Dan Morehead, whose firm returned 25,000 percent the year bitcoin hit its all-time high, stated $6,500 was the bottom of this bear market. The digital currency neared that level in April, dropping as low as $6,620, as per Coindelite. On Wednesday Bitcoin recovered close to $8,212 and had lost around 40% of its value this year.
Dan Morehead said:
“It’s 65% below its high; you don’t get that opportunity very often.”
As per Pantera’s most recent letter to investors, Bitcoin had a record year in 2017 with digital currency gaining more than 1,300% to around $20,000 in December. That helped Pantera, return approximately 25,000 percent life to date as of last December.

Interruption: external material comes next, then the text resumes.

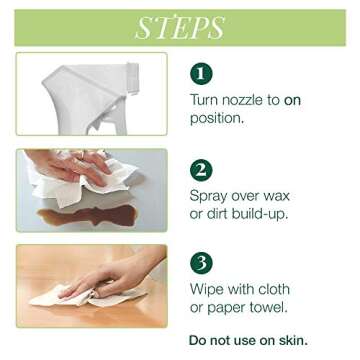 Clean + Easy Clean-up All-purpose Surface Cleanser Spray, Removes Excess Wax, Oil And Grease From Wax Warmers, 16 oz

It’s Bitcoin Fund is down by more than 50% this year yet has still returned more than 10,000 percent life to date.
According to an investor letter published earlier in April, the firm saw the value of its digital currency fund nearly in half in March.
In last month’s letter, Jon Morehead, who founded the company after a career at Goldman Sachs, told his investors would still make money if bitcoin bombs the way Pets.com did in the dot-com era.
Dan Morehead stated:
“If you had a portfolio of IPOs — one was Pets.com, and one was Amazon.com — it doesn’t matter what the rest were. You made a great return.”
Pantera, which has approximately $800 million in asset under management, likewise reported the launch of its third blockchain focused venture fund a month ago. The fund will focus on peer-to-peer transactions, fintech, machine learning, and artificial intelligence.